About hurdles he explained that it was common for the downland shepherds to repair the broken and worn-out ones with the long woody stems of the bithywind from the hedges; and when I asked what the plant was he described the wild clematis or traveller's-joy; but those names he did not know—to him the plant had always been known as bithywind or else Devil's guts. It struck me that bithywind might have come by the transposition of two letters from withybind, as if one should say flutterby for butterfly, or flagondry for dragonfly. Withybind is one of the numerous vernacular names of the common convolvulus. Lilybind is another. But what would old Gerarde, who invented the pretty name of traveller's-joy for that ornament of the wayside hedges, have said to such a name as Devil's guts?
There was, said Caleb, an old farmer in the parish of Bishop who had a peculiar fondness for this plant, and if a shepherd pulled any of it out of one of his hedges after leafing-time he would be very much put out; he would shout at him, "Just you leave my Devil's guts alone or I'll not keep you on the farm." And the shepherds in revenge gave him the unpleasant nickname of "Old Devil's Guts," by which he was known in that part of the country.

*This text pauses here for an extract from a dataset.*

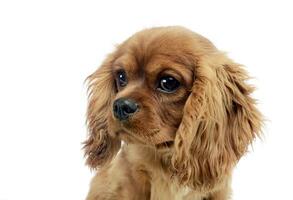 schattig puppy cavalier koning Charles spaniel in studio foto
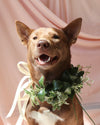 Dog Collar thumbnail 1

As a rule, talk about sheep, or any subject connected with sheep, would suggest something about sheepdogs individual dogs he had known or possessed, and who always had their own character and peculiarities, like human beings. They were good and bad and indifferent; a really bad dog was a rarity; but a fairly good dog might have some trick or vice or weakness. There was Sally, for example, a stump-tail bitch, as good a dog with sheep as he ever possessed, but you had to consider her feelings. She would keenly resent any injustice from her master. If he spoke too sharply to her, or rebuked her unnecessarily for going a little out of her way just to smell at a rabbit burrow, she would nurse her anger until an opportunity came of inflicting a bite on some erring sheep. Punishing her would have made matters worse: the only way was to treat her as a reasonable being and never to speak to her as a dog—a mere slave.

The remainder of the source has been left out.